# Air conditioner idea... what are your suggestions



## Tesseract (Sep 27, 2008)

*IF* I remember this correctly, the typical vehicle (whatever that is) requires 18,000 to 24,000 btus (1.5-2 tons) of cooling capacity (mainly because cars aren't insulated worth a damn 

The window units around here that cost $100 are only 5000-6000 btus in capacity...

But why use a 12V inverter in an EV when you have a 100-250V battery pack at your disposal? Much better would be for someone -  - to design an inverter that converted the battery pack voltage to 120VAC/60Hz power for running just such things.

A possible hack - modern 12V inverters use an SMPS to step up the 12V from the battery to 165V then chop that with an H-bridge at 60Hz to create a 120Vrms/60Hz "quasi square wave" (basically a square wave with 120/165 duty cycle). It would be simple to rip out the SMPS from one of these inverters and just use the H-bridge if your battery pack was, say, 168V.


----------



## voltmatic automaton (Nov 2, 2008)

I have considered the smaller effecive coolong capacity, i'm not looking for refrigerator cold from the unit, but something to keep the oven temperature away when i'm making my commute. I have been wondering how long i can expect the thing to work in terms of amp hours from the battery if an inverter is used.


----------



## ga2500ev (Apr 20, 2008)

why not drive an AC compressor with a second motor?
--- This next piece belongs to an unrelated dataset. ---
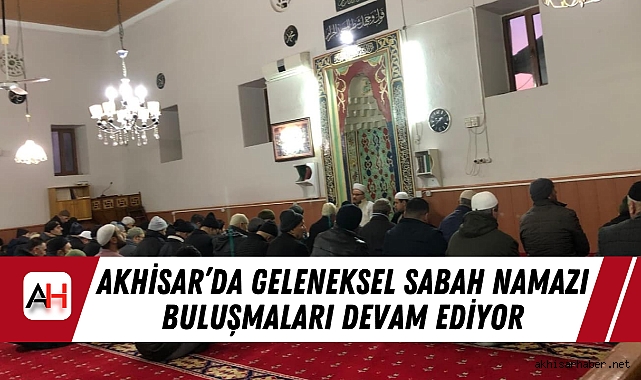Akhisar’da Geleneksel Sabah Namazı Buluşmaları Devam Ediyor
Now you can control when the AC is on/off.

Also it will be more efficient than the house unit and the inverter.

Just a though.

ga2500ev


----------



## ga2500ev (Apr 20, 2008)

voltmatic automaton said:


> I don't really want to go with a swamp cooler as i don't have ready access to ice on my trip FROM work, and after a 10 hour shift in Texas the ice won't last.
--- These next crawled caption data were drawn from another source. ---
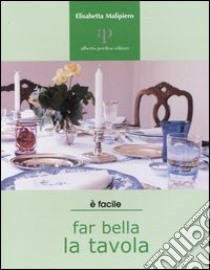 Far bella la tavola. Tovaglie, stoviglie e buone maniere libro di Malipiero Elisabetta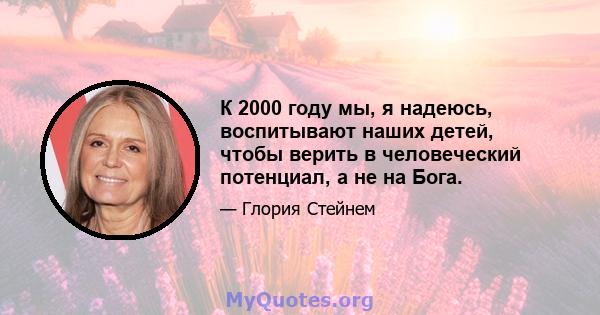 К 2000 году мы, я надеюсь, воспитывают наших детей, чтобы верить в человеческий потенциал, а не на Бога.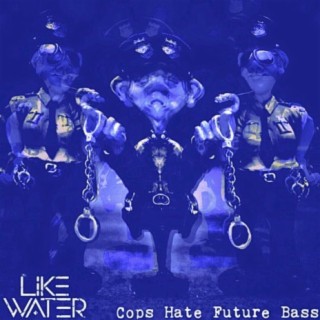 Cops Hate Future Bass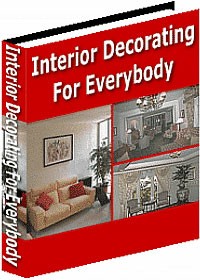 Interior Decorating For Everybody Resale Rights Ebook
Have you thought about dry-ice?

According to this site:

http://www.airgas.com/content/details.aspx?id=7000000000103

Dry ice can stay cold in an insulated container for days.

ga2500ev


----------



## Twilly (Jan 22, 2008)

Even a small window A/C unit will draw 2000 to 3000 watts while running, and maybe twice that when starting. You are going to need one big inverter.

The most efficiant way to get A/C is to hook your stock compressor to a rotating source.


----------



## TX_Dj (Jul 25, 2008)

I hate to sound like a meanie, but this has been discussed here before, and a quick search would probably turn up the threads.

I was considering using a compressor from a window unit as well, but the caveats I found in my research were things like, tubing diameter differences between a car AC and a window unit AC are significantly different, which would cause the compressor output to act like an orifice tube before the orifice tube, either freezing up the compressor or contributing heavily to efficiency loss, also stationary compressors are designed to be left stationary, and it's questionable as to how long they would last in a bumpy high-vibration environment like a moving vehicle, and also in getting the DC to AC, whether from 12v (not advisable) or from pack voltage, you would incur additional efficiency loss from the inverter.

The best methods I've seen are like such:

1) Retain the vehicle's stock compressor, and affix it to the tailshaft of the traction motor. Replace the electromagnetic compressor clutch at the compressor with an electromagnetic compressor clutch on the tailshaft, so that when the AC is off you don't experience efficiency loss due to belt and pulley drag. Main caveat- compressor only turns while the vehicle is in motion, leaving you in the heat at a stop light.

2) Better idea is to remove the compressor pulley altogether, and direct drive from a pack-voltage rated 2-ish HP motor via lovejoy coupler. Connect the compressor clutch signal line to a contactor that will switch on and off the motor instead. No drivetrain losses, simple construction, most efficient compromise, but difficult to find a motor at that power rating that matches your desired pack voltage without spending a small fortune.

3) Another idea was to build a "Swamp Cooler" inside the cab. Add ice, add water, use a pump to circulate the water thru a coil, blow fans over the coil and icewater and out into the cab. Probably not as effective as a real air conditioner, but does provide the most cooling for the least energy usage.


----------



## jlsawell (Apr 4, 2008)

Oh for crying out loud!

Man up and use a foil windscreen reflector when parked, then roll down the window when driving.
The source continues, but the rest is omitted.